__Brief__
Give the data again exactly as written, skipping any pictures.

__The records__
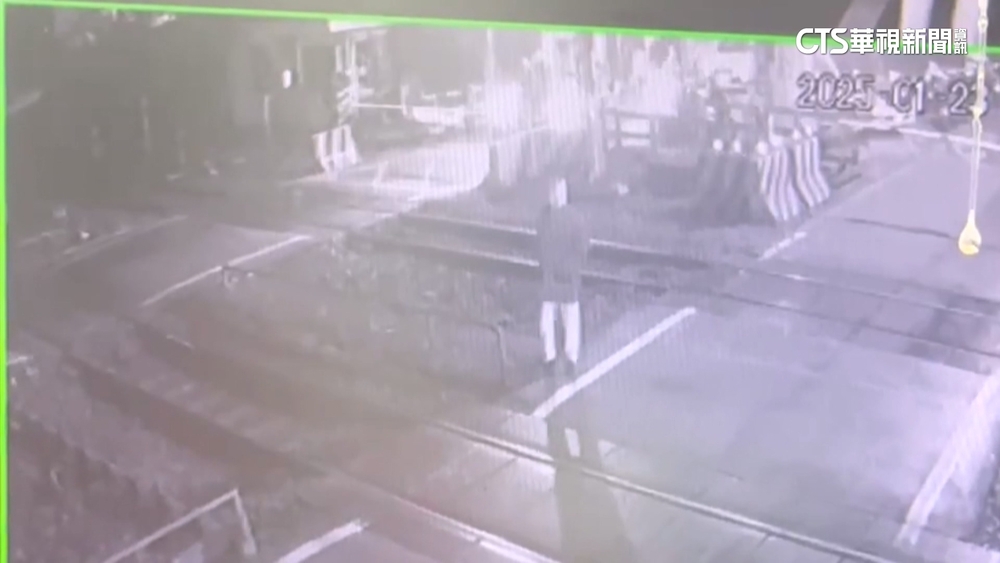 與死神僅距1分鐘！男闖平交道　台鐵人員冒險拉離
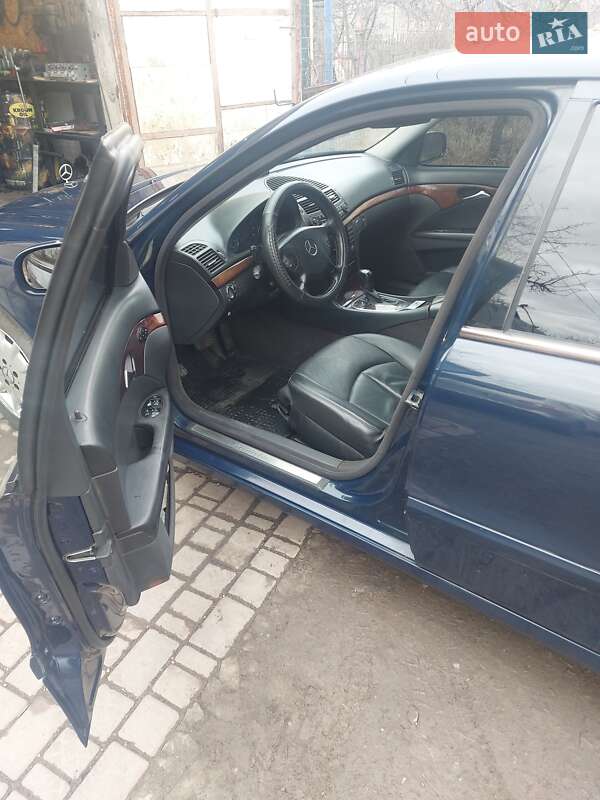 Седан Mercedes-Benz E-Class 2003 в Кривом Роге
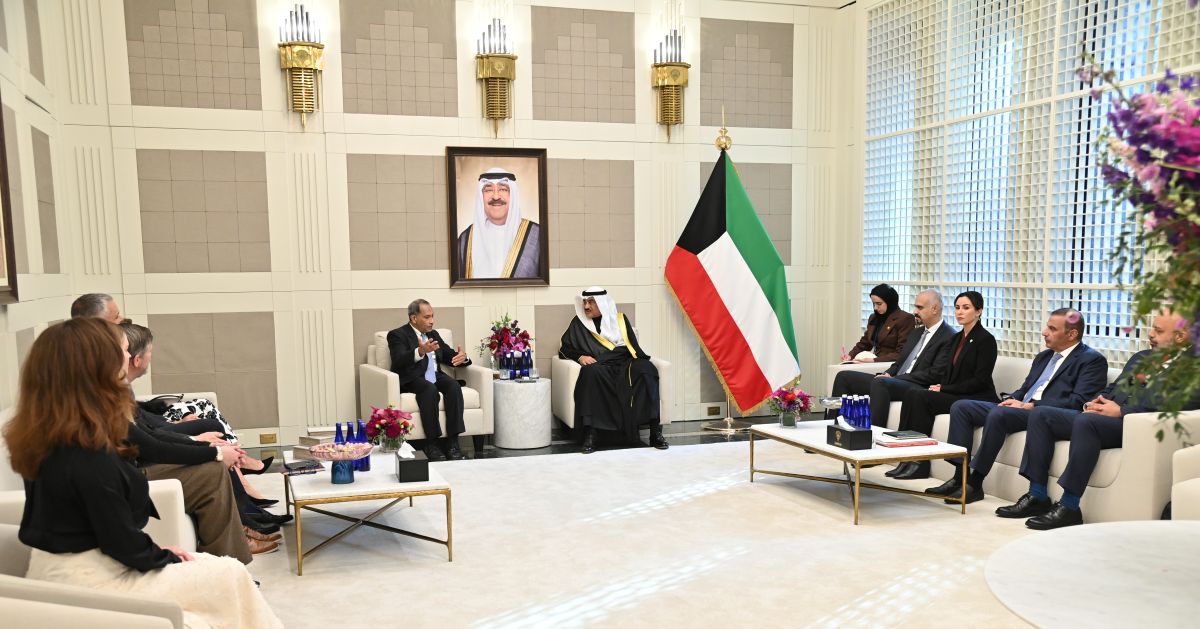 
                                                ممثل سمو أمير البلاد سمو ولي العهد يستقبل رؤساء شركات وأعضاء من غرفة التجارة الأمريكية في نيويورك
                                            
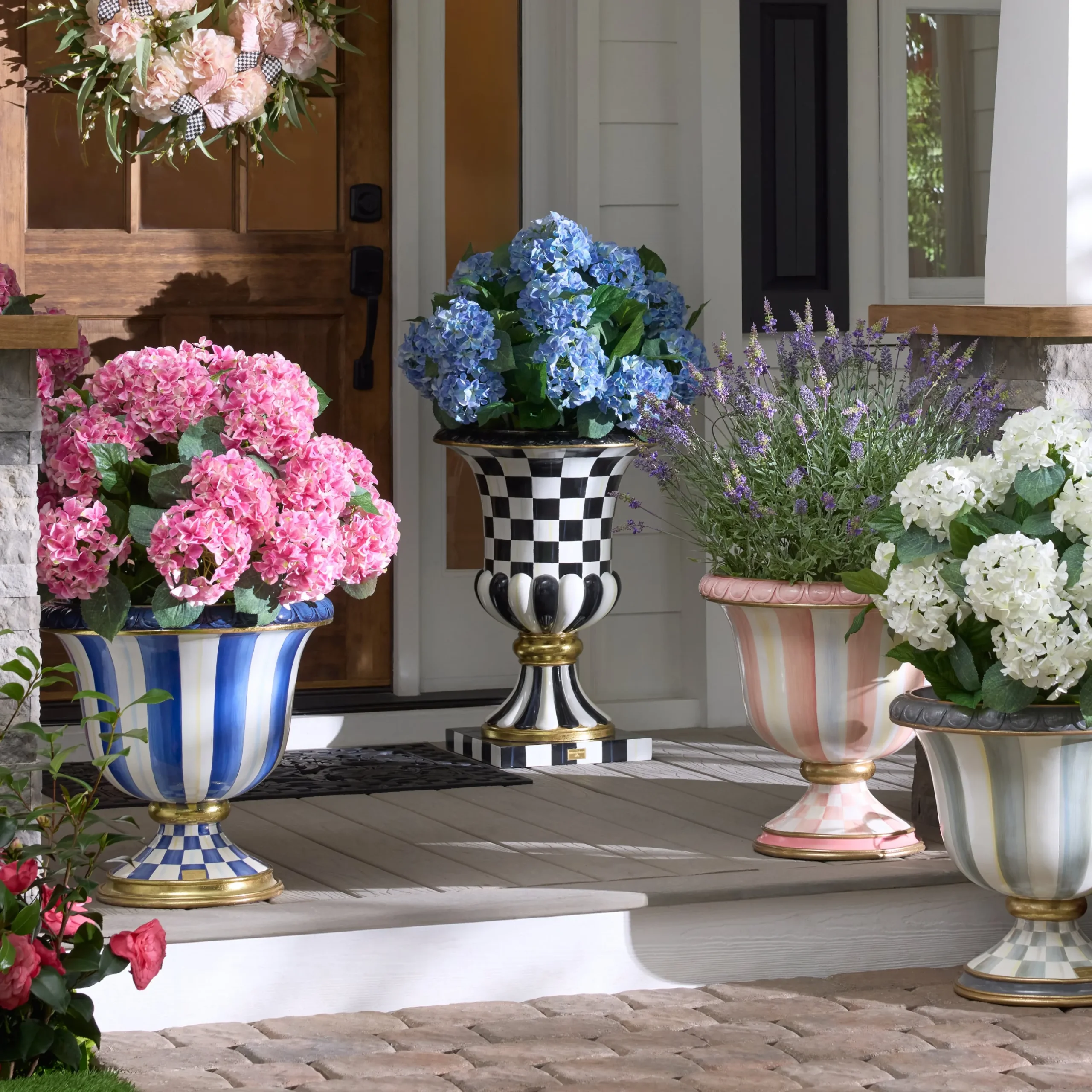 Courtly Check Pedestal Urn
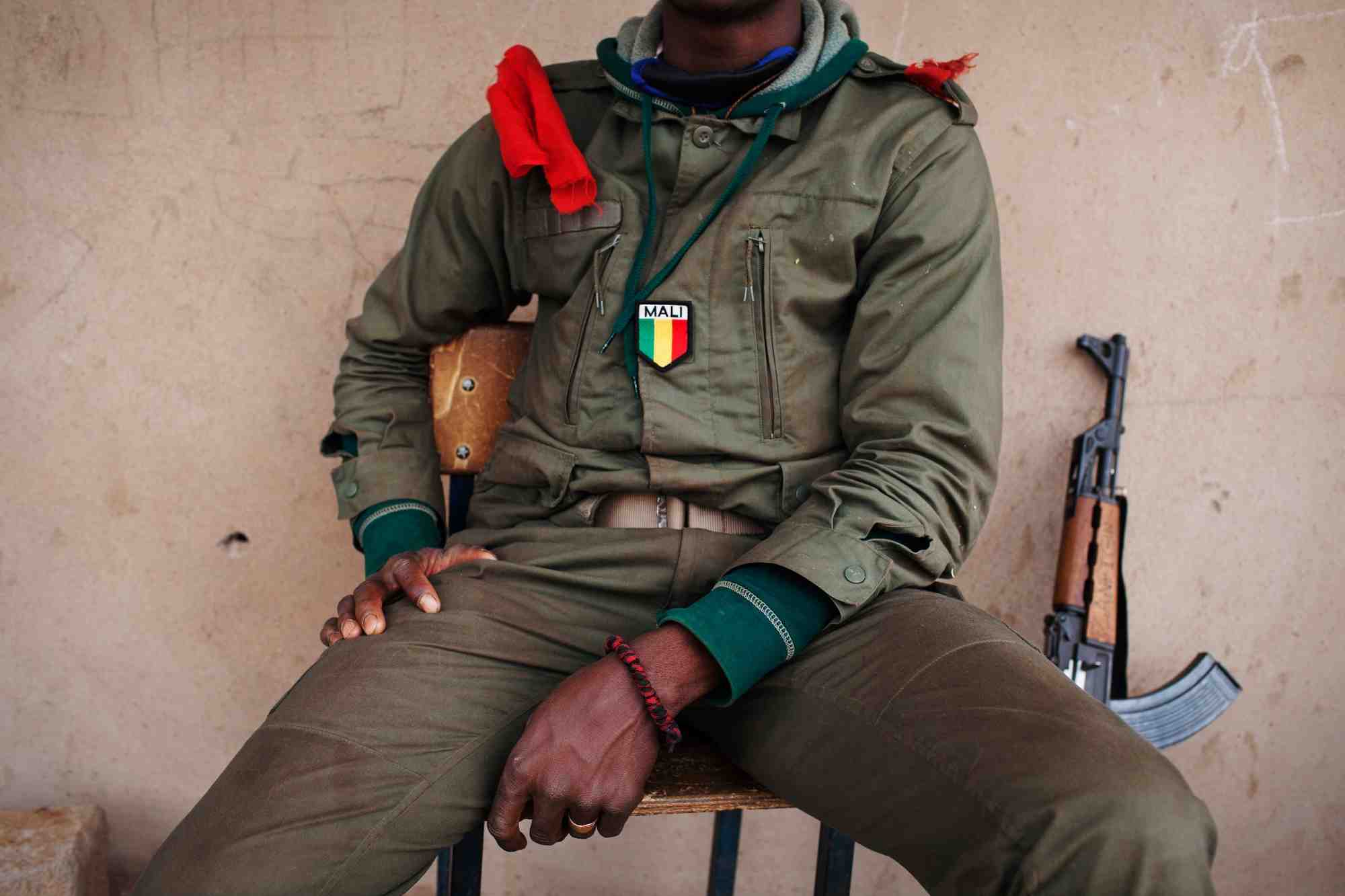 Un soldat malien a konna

__Completed exercise__
 與死神僅距1分鐘！男闖平交道　台鐵人員冒險拉離
 Седан Mercedes-Benz E-Class 2003 в Кривом Роге
                                                ممثل سمو أمير البلاد سمو ولي العهد يستقبل رؤساء شركات وأعضاء من غرفة التجارة الأمريكية في نيويورك
                                            
 Courtly Check Pedestal Urn
 Un soldat malien a konna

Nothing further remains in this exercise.